21st century blues

We are now more than 20 years into the present century. This fact only fully dawned on me recently and it hit me hard. There are people born since 2000 who already have their own children, and there are some buildings constructed since then that already need extensive modernisation…

I spent the all of Polish Independence Day at home. I celebrated it in typical Polish fashion by doing the washing and cooking the dinner. Of course, there was also a film on Netflix, or more specifically, a cartoon about someone called Arthur who saves Christmas – this was demanded by my own little young film buff. I also spent most of the day listening to my new favourite radio station, which only recently replaced my previous go-to channel. This new station spends all day from early morning to late at night playing the top Polish hits of the 21st century, which I listened to while scrubbing the shower clean and watering the houseplants. And then it struck me that some of these tracks were already 20 years old. Can you actually believe that the latest hits we sang at student karaoke night have now become golden oldies?

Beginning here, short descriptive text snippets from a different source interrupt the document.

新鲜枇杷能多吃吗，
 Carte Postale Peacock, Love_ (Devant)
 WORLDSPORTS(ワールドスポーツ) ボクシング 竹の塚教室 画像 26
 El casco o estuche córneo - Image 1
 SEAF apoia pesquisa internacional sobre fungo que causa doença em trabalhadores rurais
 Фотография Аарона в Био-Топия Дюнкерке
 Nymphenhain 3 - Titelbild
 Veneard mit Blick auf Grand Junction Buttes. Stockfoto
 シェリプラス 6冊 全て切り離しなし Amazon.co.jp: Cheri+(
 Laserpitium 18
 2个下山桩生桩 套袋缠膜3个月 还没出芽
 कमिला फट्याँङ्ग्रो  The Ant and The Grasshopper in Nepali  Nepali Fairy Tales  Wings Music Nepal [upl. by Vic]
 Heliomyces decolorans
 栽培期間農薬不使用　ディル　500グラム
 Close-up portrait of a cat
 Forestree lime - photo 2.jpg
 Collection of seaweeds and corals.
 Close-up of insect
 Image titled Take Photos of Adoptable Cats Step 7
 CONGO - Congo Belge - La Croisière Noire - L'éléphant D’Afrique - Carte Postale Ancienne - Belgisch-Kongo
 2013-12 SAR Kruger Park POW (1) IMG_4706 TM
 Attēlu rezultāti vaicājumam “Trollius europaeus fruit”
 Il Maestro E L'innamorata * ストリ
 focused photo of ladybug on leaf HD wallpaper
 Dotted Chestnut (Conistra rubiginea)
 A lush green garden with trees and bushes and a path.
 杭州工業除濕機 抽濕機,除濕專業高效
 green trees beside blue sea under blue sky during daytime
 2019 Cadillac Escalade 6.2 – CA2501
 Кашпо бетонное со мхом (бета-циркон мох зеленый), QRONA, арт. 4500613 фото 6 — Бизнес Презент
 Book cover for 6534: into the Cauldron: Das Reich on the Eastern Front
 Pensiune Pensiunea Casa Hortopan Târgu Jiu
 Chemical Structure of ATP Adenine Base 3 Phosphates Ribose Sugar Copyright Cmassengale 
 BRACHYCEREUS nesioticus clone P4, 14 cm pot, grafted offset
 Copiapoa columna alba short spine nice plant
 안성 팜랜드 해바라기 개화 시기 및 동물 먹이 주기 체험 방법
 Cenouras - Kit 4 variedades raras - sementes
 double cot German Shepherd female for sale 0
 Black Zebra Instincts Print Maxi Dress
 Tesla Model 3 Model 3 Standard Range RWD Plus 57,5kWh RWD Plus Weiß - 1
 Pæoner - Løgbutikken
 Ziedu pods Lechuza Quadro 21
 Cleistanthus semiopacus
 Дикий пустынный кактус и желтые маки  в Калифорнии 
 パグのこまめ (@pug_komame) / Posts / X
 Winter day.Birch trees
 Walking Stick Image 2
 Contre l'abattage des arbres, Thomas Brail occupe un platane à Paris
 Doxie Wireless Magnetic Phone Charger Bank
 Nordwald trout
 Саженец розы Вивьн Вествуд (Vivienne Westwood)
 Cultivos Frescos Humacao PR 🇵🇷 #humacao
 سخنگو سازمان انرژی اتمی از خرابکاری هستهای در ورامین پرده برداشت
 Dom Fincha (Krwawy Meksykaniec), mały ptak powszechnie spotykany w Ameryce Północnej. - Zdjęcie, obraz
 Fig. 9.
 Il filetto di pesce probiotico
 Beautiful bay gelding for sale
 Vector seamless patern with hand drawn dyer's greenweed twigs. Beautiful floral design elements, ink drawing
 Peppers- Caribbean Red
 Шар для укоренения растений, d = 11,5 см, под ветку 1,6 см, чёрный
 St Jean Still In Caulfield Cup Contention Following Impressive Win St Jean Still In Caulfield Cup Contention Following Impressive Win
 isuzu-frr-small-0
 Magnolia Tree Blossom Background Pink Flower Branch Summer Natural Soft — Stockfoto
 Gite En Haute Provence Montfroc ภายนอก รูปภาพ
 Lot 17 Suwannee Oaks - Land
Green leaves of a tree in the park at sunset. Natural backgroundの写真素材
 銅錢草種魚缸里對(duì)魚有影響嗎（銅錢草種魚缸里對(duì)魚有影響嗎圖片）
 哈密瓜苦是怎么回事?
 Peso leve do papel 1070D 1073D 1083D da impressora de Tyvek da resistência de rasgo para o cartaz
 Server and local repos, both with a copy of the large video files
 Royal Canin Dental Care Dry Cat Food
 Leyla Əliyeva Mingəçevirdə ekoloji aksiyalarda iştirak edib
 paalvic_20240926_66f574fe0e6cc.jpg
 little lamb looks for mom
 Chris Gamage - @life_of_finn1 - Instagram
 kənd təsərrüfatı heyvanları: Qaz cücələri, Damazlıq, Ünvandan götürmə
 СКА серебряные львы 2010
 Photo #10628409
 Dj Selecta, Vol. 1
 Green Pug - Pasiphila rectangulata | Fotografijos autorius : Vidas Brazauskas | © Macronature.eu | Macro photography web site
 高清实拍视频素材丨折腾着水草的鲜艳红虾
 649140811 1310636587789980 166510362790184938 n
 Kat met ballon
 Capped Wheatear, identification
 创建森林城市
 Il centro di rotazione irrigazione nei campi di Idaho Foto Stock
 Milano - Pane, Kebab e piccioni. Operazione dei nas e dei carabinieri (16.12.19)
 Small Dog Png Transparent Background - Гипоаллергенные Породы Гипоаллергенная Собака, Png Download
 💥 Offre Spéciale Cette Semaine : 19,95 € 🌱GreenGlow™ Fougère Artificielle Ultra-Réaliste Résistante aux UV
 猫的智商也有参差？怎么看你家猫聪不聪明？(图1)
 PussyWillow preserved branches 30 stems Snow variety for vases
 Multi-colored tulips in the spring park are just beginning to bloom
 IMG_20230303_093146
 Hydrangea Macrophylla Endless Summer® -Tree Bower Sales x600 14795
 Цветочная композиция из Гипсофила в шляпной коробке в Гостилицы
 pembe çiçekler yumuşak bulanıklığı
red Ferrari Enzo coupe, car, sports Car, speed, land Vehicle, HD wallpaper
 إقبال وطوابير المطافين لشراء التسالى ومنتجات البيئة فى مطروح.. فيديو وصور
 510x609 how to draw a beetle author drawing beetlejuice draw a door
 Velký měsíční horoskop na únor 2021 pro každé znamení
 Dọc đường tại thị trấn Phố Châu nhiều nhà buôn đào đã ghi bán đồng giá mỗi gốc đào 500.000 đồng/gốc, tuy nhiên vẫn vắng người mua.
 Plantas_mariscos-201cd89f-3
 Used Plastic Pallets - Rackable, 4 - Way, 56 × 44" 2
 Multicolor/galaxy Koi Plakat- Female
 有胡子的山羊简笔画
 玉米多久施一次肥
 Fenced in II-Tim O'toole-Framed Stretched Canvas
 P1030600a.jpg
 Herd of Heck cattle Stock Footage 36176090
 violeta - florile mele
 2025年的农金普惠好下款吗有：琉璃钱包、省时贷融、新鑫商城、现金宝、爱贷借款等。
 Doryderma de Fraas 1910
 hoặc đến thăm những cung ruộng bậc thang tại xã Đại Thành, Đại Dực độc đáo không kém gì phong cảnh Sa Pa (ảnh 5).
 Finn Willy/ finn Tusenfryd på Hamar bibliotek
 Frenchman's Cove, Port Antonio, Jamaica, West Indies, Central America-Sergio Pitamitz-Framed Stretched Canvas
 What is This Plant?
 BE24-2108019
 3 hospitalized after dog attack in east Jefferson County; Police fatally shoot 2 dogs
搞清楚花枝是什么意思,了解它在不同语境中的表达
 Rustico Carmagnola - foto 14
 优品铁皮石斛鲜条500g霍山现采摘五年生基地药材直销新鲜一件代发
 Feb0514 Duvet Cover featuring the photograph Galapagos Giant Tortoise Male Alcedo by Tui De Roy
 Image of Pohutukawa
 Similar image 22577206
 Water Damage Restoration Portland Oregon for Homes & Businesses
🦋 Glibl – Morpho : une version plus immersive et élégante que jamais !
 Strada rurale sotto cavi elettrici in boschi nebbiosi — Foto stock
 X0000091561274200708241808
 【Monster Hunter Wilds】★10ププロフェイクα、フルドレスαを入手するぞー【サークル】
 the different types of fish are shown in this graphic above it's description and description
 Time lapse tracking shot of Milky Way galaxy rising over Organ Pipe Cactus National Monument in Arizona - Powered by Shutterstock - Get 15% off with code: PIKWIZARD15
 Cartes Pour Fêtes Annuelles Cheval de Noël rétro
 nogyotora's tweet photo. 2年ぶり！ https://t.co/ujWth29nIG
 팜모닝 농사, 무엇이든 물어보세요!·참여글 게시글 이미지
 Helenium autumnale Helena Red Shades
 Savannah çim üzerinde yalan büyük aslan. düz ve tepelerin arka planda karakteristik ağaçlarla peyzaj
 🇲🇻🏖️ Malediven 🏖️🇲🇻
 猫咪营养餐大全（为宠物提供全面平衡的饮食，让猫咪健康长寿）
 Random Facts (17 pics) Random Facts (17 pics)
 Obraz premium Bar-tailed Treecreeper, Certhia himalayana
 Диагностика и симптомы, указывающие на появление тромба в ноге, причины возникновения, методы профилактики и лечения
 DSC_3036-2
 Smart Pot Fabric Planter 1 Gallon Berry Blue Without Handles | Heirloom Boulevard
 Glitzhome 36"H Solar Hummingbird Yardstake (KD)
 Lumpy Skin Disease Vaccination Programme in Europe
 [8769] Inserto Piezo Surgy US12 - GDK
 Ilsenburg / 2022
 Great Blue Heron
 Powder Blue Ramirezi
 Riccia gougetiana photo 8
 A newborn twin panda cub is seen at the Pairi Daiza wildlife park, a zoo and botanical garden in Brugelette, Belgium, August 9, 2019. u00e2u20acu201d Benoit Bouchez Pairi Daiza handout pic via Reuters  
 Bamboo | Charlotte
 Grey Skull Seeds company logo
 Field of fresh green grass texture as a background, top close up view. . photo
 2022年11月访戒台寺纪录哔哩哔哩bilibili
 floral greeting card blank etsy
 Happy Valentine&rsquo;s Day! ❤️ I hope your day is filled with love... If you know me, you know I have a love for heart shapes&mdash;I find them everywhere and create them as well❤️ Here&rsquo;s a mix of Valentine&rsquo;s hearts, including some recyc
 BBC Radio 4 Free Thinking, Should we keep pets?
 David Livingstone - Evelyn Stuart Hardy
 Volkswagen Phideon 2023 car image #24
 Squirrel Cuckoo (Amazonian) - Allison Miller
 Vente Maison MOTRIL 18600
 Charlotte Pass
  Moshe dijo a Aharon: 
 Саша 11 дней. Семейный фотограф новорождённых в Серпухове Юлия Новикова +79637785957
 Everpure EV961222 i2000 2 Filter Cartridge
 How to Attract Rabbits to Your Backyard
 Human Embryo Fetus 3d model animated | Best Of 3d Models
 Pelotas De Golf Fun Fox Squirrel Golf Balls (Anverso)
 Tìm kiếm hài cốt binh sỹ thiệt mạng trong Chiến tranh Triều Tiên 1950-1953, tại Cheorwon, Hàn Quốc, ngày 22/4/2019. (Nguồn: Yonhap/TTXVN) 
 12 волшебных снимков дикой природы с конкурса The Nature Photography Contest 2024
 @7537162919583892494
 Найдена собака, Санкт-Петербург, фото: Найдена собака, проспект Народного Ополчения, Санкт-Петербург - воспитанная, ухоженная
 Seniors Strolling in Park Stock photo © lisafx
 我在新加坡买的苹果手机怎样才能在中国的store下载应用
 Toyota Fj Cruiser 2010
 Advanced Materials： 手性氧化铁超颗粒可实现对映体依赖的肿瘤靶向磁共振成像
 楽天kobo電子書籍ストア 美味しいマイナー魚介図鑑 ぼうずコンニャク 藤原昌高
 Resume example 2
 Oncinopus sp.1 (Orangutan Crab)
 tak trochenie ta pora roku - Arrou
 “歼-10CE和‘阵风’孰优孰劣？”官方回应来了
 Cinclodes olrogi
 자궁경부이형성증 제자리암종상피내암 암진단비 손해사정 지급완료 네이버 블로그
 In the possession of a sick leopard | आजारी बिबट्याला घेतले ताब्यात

When I started my studies in Lublin, the finishing touches were just being made to the city’s first modern shopping centre. Lublin Plaza included an extensive food section along with the mandatory McDonald’s and KFC; it had stores of well-known brands, a multiplex and a gigantic underground car park you could get lost in. I remember the excitement of my first visited the mall and the huge impression it made on me with its vast, colourful space. The euphoria soon passed, however, since I walked past Lublin Plaza almost every day on my way to college. And so, after my first long and frequent visits, I went in only when I had a specific reason to do so, which was generally to go to the cinema or do some shopping. Today, the mall is not particularly attractive, especially since others have opened and people have changed their shopping habits, going to smaller retail parks or making their purchases online. When I compare the Plaza as it was to a Warsaw centre like Galeria Młociny now, it can seem like stepping into a different century.

This age gap is also very evident when it comes to office buildings, warehouses and residential estates. When we moved our Eurobuild offices two years ago from a Warsaw city centre tenement to a modern building in Wola, we could see the difference for ourselves (even though nothing will ever replace our view of the Palace of Culture). Can such old buildings of 10 or 20 years compete in any way with the new? I think so, especially given that these old-timers do have one ace up their sleeves – their location. And so, dear investors, managers and owners of old buildings, do not despair. Old age is just a number (at least that is what I always tell myself), but maturity means experience and knowledge.

I’ve not been back to Lublin for a long time, but I’m going there quite soon and I’ll check in on some of my old haunts – I’ll go to the cinema with a few friends, probably to the Plaza even though there are plenty of more modern multiplexes. But sentimentality should win the day, as it generally does for us women.